→ Exercise requirements:
The lines from the one containing "The bedroom includes" through the last one in the data: please copy those exactly, and only those, without the pictures.

Extracted entries START

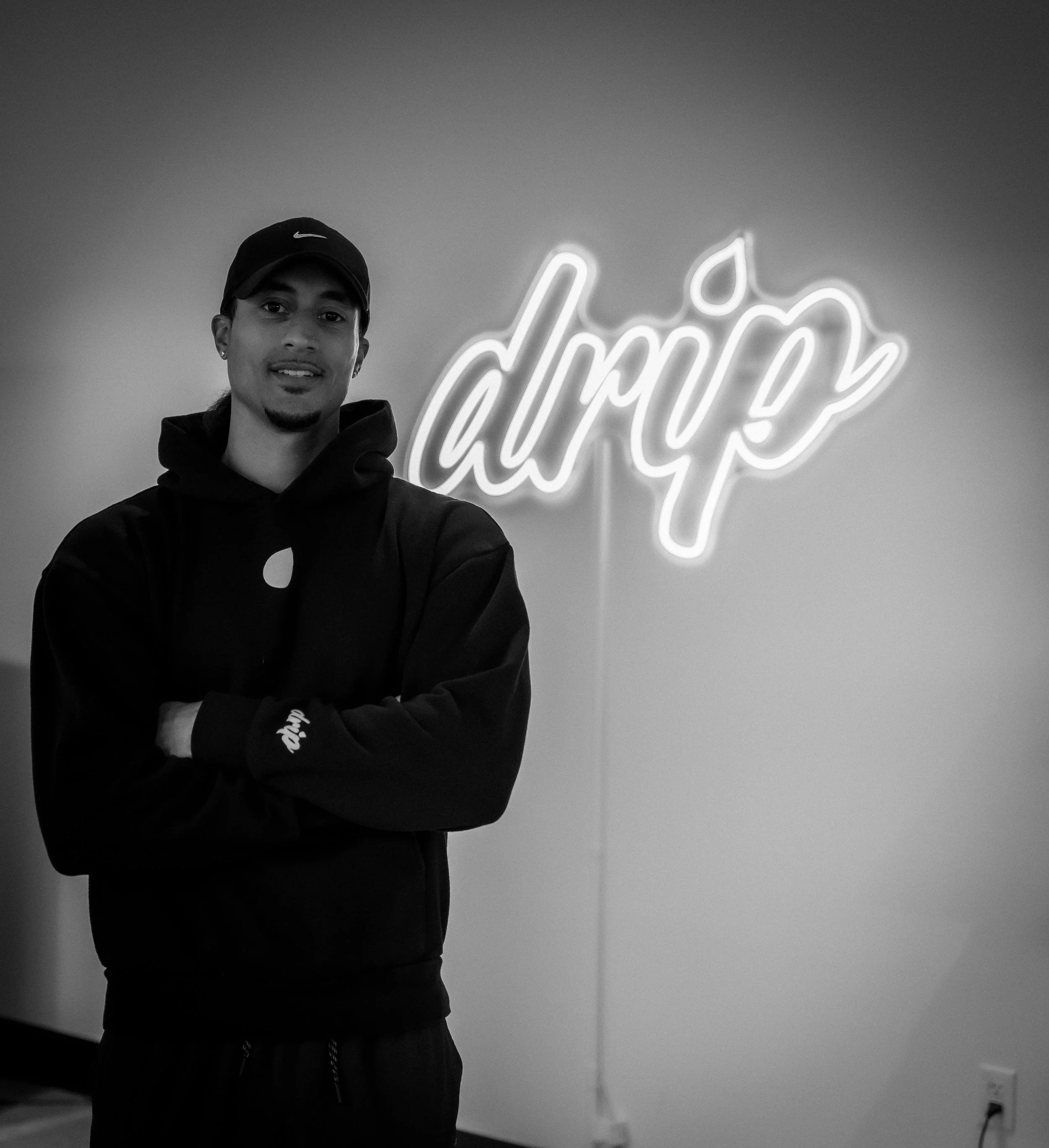 A young man in a black hoodie and cap standing with arms crossed in front of a wall with a neon sign that says 'dayp' in cursive.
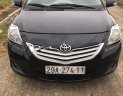 Toyota Vios 1.5 MT 2011 - Cần bán gấp Toyota Vios 1.5E năm sản xuất 2011, màu đen xe gia đình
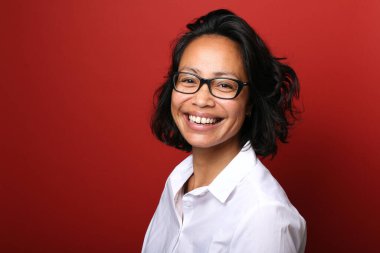 Güzel, mutlu bir kadının portresi. Renkli bir arka planın önünde.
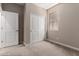 The bedroom includes a window, a door and a closet with white sliding doors at 5656 N 205Th Ln, Buckeye, AZ 85396
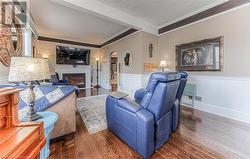 Living room featuring dark wood-type flooring and ornamental molding -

Extracted entries END

→ Solution:
 The bedroom includes a window, a door and a closet with white sliding doors at 5656 N 205Th Ln, Buckeye, AZ 85396
 Living room featuring dark wood-type flooring and ornamental molding -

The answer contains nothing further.